I haven’t had much time to blog lately, but the rest of you sure have! My reader is chuck full again! Here are some of the links that have caught my eye over the last several weeks.
Past Horizons reports that Charles Darwin has been cleared of delaying and altering his work after receiving information from Alfred Russel Wallace.
The History of Vaccines blog brings us a collection of correspondence and handouts of the Anti-Vaccination Society of America from around the turn of the 20th century.
Lindsey Fitzharris of The Chirurgeon’s Apprentice brings us the anatomists much disparaged partners the body snatchers, writes about the autopsy 18th century suicide of Mary Hunt, and on methods to prevent premature burial.
Katy Myers of Bones Don’t Lie writes about scurvy during the Great Irish Potato famine.
Body Horrors writes about the possible antimicrobial function of kohl eyeliners from ancient Egypt.
Wonders & Marvels writes about the imaginary anatomy in Leonardo da Vinci’s drawings.
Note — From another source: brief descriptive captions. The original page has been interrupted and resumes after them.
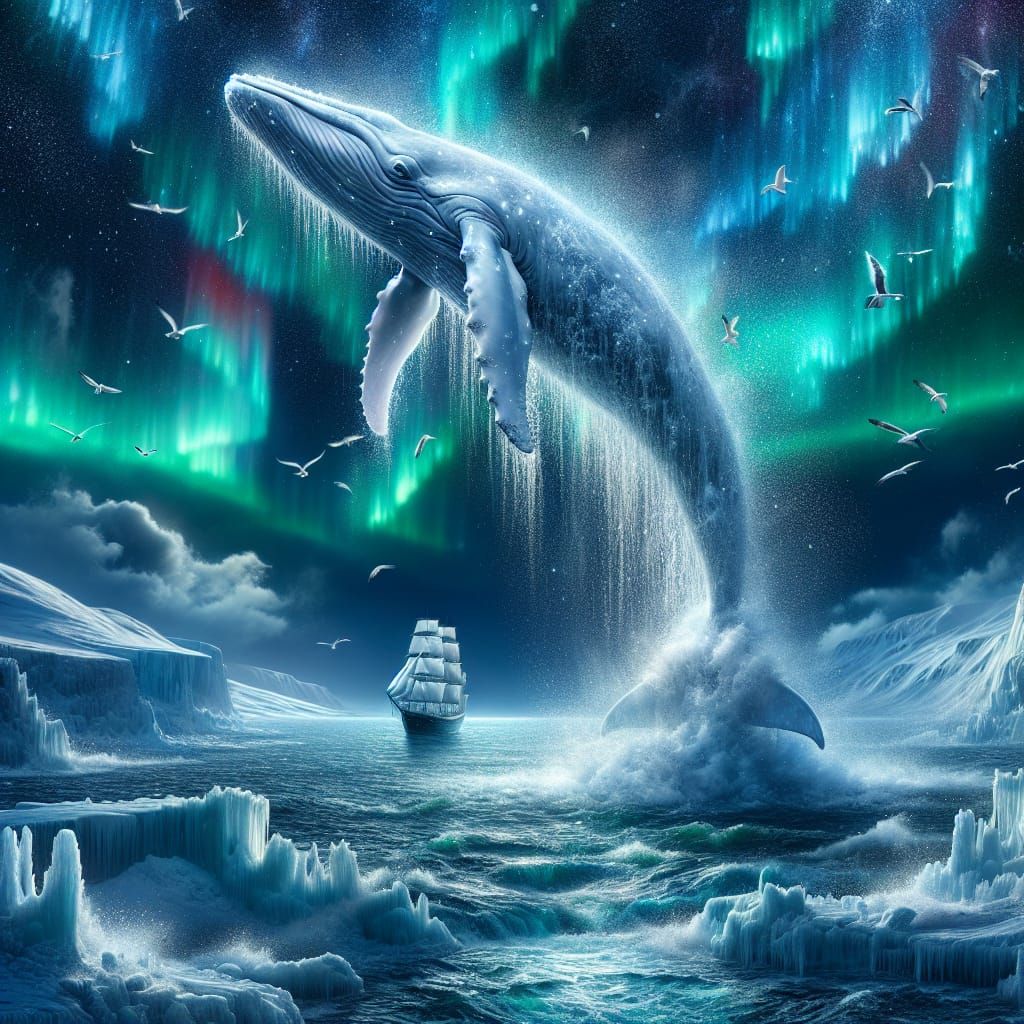 Majestic White Whale Leaps Amid Northern Lights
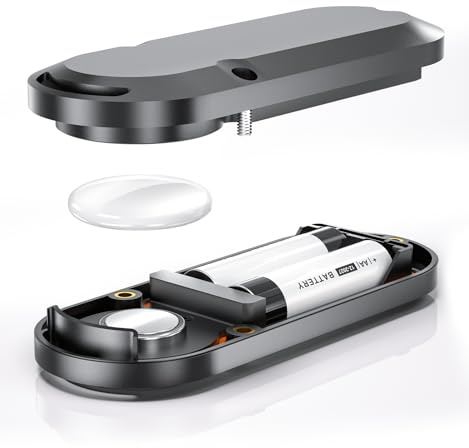 Custodia per batteria con vita prolungata a 10 anni per AirTag, Porta-etichetta impermeabile con batterie AA,14 volte più capacità rispetto alla CR2032, 3 soluzioni di montaggio,confezione da 1 unità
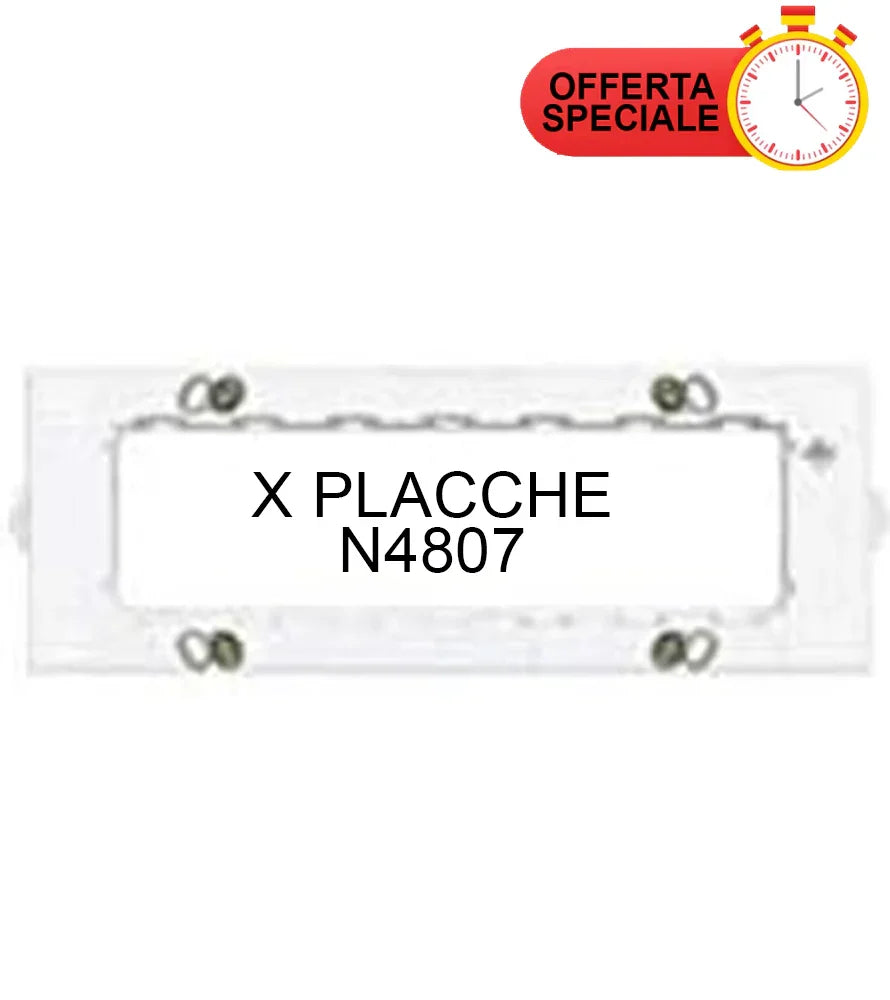 Supporto BTicino N4707 per 7 Moduli - Compatibile con Placche Living International, Facile Fissaggio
Small Things Considered writes about a new method of combating and reforming resistant bacteria and has an intriguing post on the dynamics of a bacterial swarm moving across agar producing characteristic colony morphology.
Tara Smith of Aetiology writes about the mysterious new ‘nodding disease’ among children in Africa’ and the antibiotic laden yummy sounding ‘feather meal’ some livestock are receiving. Antibiotics in feathers makes me wonder about antibiotic allergies in people who use feather pillows.
Vincent Racaniello of the Virology Blog has been keeping us up to date on the latest H5N1 research here and here. He also writes about the experimental use of polio virus receptor to detect the virus in water samples.
Connar Bamford of The Rule of 6ix is keeping us updated with changes to mumps vaccination in Europe, on virally induced gooey raining caterpillars in European trees, and on respiratory syncytial virus research.
Here at Contagions, I’ve been interested in transmission dynamics lately. I have recent posts up on the dynamics of super-spreading and the transmission of primary pneumonic plague in the US over the last century.